Todos somos seitas — ateus inclusive

Publicado em 10 de dezembro de 2015 e atualizado em 12 de fevereiro de 2024

Há alguns dias tropecei no artigo de um ateu que, em seu mal disfarçado afã de criticar religiões, referiu-se pejorativamente a uma delas como sendo uma seita.

Muito embora eu já esteja vacinado contra essa rotineira falta de respeito pela fé alheia, decidi escrever este artigo para facilitar as coisas quando for preciso esclarecer alguém quanto ao uso equivocado do termo “seita”.

Dirijo-me primeiro a uma certa classe de ateus (não todos, só alguns) que se orgulha de seu racionalismo e ignora o fato de que a fé também é racional. Esses talvez fiquem chocados em descobrir que o ateísmo também é uma seita.

O mesmo vale para religiosos que jogam essa bigorna discriminatória em crenças que não compreendem.

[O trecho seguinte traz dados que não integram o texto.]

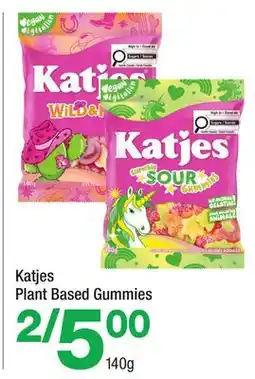 Highland Farms Katjes Plant Based Gummies offer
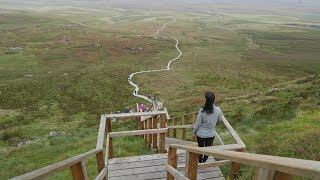 Cuilcagh Boardwalk  The Stairway to Heaven Northern Ireland [upl. by Vassili]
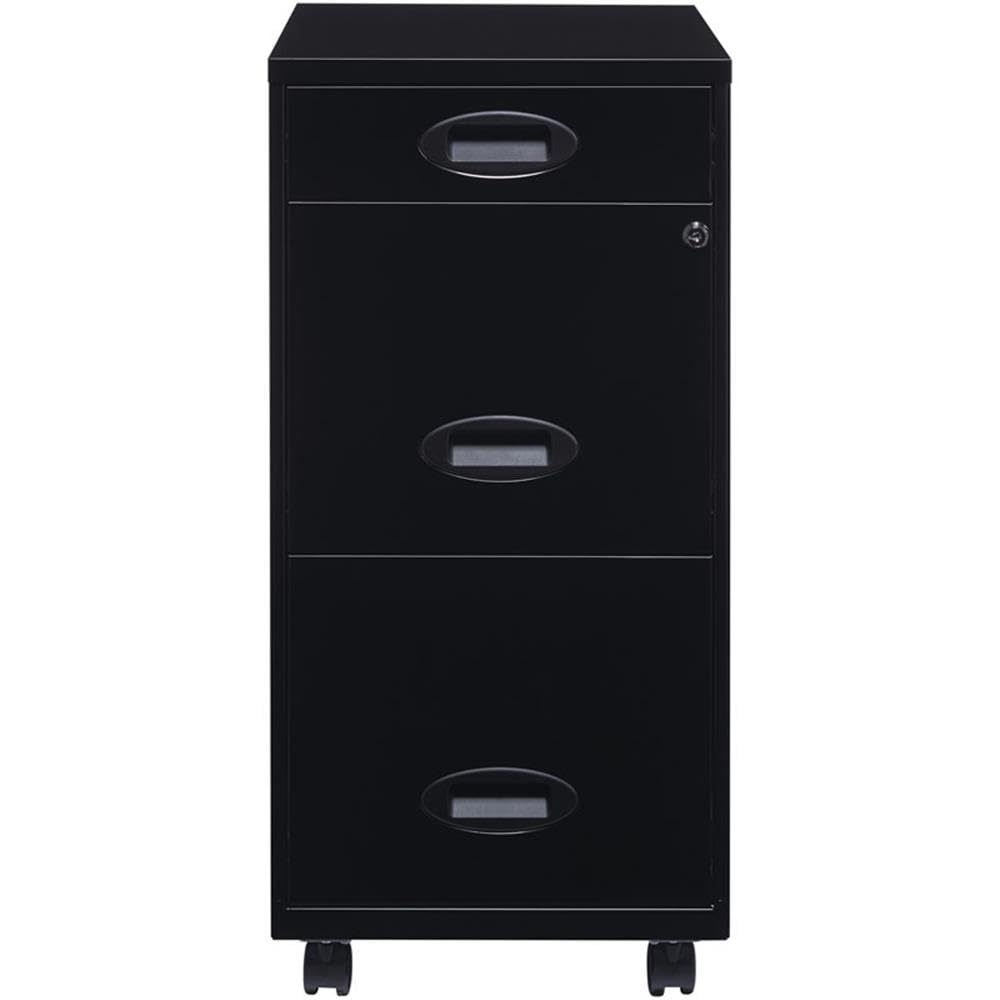 Black Metal 3 Drawer Vertical Filing Cabinet P467918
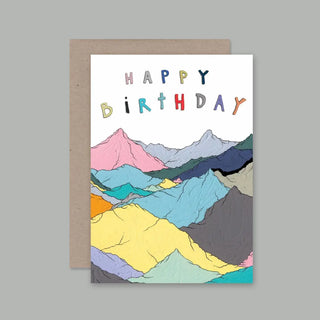 Happy Birthday - Mountains card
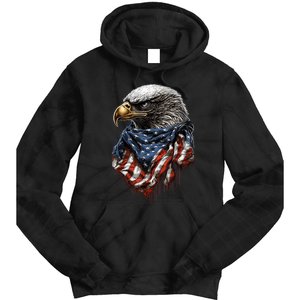 4th Of July Bald Eagle American US Flag Country 4th Of July Tie Dye Hoodie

Como se sentiriam aqueles que costuram no credo dos outros uma etiqueta de bizarrice herética ao serem corretamente confrontados com o fato de também pertencerem a uma seita?

Independente da crença de alguns sobre o que “seita” significa, os três mais importantes dicionários da língua portuguesa — Aurélio, Michaelis e Houaiss — definem o termo, com poucas variações, como sendo:

  1. Doutrina ou sistema que diverge da opinião geral e é seguido por muitos.
  2. Conjunto de indivíduos que professam uma mesma ideologia.
  3. Comunidade fechada.
  4. Teoria de um mestre seguida por numerosos prosélitos.
  5. Facção, dissidência, partido.

Pelos critérios 1 e 2, o ateísmo é uma seita. Os ateus congregam-se na fé na inexistência de Deus. O fato de não crerem Nele não deixa de ser uma crença: a de que Ele não existe.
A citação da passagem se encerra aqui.